Schwoerer’s history of the introduction and use of firearms in Tudor and Stuart England mixes business, political, legal, constitutional, and social history. Readers interested in business history will find much of interest in the detailed account of the development of the gun industry and the [End Page 87] Crown’s role in promoting it. The book presents new information about firearms manufacture in England and adds to current information on the use of guns by various social classes.

Unfortunately, despite claims to the contrary, scholars of legal and constitutional history will find nothing new, and, worse, a skewed account in this book of the statutes and practice. Schwoerer presents basic safety measures prohibiting firing guns in crowded areas and laws that lapsed from lack of enforcement as proof of serious restrictions on the public’s use of firearms. Such measures would not have been necessary if only a few Englishmen owned and used those firearms. Schwoerer cites Henry VIII’s statute of 1541 limiting ownership of handguns and crossbows—concealable weapons popular with robbers—to those with an annual income from land of £100. She ignores, however, the law’s assurances to yeomen; servingmen; and the inhabitants of cities, boroughs, and market towns, as well as those living outside of towns, that they could “have and keep in every of their houses any such handgun or handguns, of the length of one whole yard.”1 Nevertheless, in the book’s conclusion, Schwoerer claims a “striking feature” of England’s early modern gun culture was that “subjects whose socioeconomic standing was below a certain level (usually an annual income of £100) were legally disallowed to possess or use a firearm” (171).
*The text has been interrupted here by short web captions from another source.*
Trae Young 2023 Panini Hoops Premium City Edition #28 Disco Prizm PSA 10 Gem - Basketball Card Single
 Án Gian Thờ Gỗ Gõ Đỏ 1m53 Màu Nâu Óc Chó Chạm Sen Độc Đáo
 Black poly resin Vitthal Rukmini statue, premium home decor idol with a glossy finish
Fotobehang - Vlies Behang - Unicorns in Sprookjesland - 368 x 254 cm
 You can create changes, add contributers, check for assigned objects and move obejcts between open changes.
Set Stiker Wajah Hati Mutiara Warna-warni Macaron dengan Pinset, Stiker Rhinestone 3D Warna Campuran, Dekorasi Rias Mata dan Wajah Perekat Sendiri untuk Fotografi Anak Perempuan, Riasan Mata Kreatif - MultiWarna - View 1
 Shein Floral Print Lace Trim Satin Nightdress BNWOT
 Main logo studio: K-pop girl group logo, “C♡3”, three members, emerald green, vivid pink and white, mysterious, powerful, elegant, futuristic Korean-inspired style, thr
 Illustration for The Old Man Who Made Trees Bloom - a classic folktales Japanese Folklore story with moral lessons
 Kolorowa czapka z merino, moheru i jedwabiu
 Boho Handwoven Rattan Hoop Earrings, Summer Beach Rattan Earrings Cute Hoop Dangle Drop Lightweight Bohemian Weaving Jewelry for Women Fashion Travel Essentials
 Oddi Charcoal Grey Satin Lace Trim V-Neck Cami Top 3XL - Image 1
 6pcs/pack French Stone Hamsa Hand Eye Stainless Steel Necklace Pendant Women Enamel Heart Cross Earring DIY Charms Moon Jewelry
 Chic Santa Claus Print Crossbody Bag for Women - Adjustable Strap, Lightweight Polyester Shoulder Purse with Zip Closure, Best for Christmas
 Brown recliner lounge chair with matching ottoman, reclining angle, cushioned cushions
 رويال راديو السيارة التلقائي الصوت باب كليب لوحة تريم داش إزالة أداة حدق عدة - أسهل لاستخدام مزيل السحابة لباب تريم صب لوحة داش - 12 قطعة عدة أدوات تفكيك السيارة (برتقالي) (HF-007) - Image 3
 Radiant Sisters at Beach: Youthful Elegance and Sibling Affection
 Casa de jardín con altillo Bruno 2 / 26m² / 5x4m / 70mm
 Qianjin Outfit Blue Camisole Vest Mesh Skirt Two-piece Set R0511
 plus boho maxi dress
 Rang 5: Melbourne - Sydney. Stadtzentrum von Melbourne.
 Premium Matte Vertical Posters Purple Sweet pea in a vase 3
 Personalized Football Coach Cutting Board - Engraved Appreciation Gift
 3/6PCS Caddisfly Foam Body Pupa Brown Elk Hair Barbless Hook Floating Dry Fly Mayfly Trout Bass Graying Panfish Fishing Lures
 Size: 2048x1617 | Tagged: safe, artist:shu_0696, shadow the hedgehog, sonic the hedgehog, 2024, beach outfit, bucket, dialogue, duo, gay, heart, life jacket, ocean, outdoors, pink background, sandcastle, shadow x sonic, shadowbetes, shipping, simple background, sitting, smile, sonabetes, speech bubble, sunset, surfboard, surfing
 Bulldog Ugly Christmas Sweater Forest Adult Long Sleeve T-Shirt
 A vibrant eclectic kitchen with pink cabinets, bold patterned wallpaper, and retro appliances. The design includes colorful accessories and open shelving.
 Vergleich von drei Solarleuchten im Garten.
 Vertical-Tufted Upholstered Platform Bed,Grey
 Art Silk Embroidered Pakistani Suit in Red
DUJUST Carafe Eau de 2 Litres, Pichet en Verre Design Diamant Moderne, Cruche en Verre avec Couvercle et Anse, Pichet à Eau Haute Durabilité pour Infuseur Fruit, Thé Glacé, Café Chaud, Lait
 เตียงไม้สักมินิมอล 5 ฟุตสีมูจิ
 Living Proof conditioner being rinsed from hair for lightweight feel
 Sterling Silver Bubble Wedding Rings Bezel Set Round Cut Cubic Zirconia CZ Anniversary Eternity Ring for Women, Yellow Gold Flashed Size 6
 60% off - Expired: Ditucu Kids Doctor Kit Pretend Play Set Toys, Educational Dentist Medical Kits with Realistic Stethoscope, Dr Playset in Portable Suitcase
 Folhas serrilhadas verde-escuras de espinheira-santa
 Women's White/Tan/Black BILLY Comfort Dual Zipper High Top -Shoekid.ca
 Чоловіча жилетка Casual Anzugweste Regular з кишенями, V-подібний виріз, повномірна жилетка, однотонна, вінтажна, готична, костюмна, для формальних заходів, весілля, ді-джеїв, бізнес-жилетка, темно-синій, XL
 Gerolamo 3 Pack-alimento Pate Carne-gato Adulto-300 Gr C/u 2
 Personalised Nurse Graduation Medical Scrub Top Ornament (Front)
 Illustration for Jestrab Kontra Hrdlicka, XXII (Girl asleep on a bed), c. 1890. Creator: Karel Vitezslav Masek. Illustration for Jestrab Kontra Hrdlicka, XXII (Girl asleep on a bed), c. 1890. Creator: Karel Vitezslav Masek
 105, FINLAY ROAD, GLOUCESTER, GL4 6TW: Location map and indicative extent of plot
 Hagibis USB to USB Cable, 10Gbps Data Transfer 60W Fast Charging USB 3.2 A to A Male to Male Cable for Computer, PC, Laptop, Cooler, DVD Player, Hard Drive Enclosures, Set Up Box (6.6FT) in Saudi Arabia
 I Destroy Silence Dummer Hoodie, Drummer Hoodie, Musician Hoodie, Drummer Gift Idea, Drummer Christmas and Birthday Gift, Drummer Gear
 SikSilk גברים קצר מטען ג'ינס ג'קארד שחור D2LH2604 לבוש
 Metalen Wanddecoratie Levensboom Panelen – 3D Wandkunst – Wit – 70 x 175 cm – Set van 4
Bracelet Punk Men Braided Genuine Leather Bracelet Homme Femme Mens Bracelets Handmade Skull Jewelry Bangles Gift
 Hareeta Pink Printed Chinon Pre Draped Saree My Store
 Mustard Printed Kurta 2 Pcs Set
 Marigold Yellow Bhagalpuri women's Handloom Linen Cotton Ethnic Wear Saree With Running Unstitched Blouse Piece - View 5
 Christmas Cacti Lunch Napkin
Her estimate that this group comprised 98 percent of the population is a regrettable inaccuracy.

The religious and social limitations of the firearms article in the English Bill of Rights of 1689 that she presents are well understood.2 The problem with Schwoerer’s focus is her timeframe. She fails to track the evolution of the English right to bear arms through the critical eighteenth century to the drafting of the American constitution and bill of rights. During that period, the 1689 limitations on the English right fell away. In 1765, for instance, Blackstone wrote that “the subjects of England” are entitled to “the right of having and using arms for self-preservation and defence.”3 In 1820, an English judge ruled, “A man has a clear right to arms to protect himself in his house. A man has a clear right to protect himself when he is going singly or in a small party upon the road where he is travelling or going for the ordinary purposes of business.”4 [End Page 88]

Schwoerer’s disappointing failure to trace the evolution of the right to have arms distorts the English legacy. Other authors have accurately followed that evolution, and the U.S. Supreme Court even took account of it in its two landmark opinions affirming the individual right of Americans to be armed as a pre-existing right from the English legacy.5 Schwoerer points out that she participated in writing amici curiae to the U.S. Supreme Court in the landmark cases Heller v. District of Columbia (2008) and McDonald v. City of Chicago (2010). She does not add that in both cases, her dismissal of the English legacy of the American right to be armed did not persuade the majority of justices.

Joyce Lee Malcolm
Antonin Scalia Law School
George Mason University

Footnotes

1. 33 Henry VIII, c. 6. Schwoerer fails to provide the text of the statute.

2. The English article about the right to be armed reads, “That the Subjects which are Protestants may have Armes for their defence Suitable to their Condition and as allowed by Law.” Protestants at that time were estimated to be 90% of the population. Catholics, having been urged by the papacy to overthrow the Protestant monarchy, were under a variety of liabilities until late...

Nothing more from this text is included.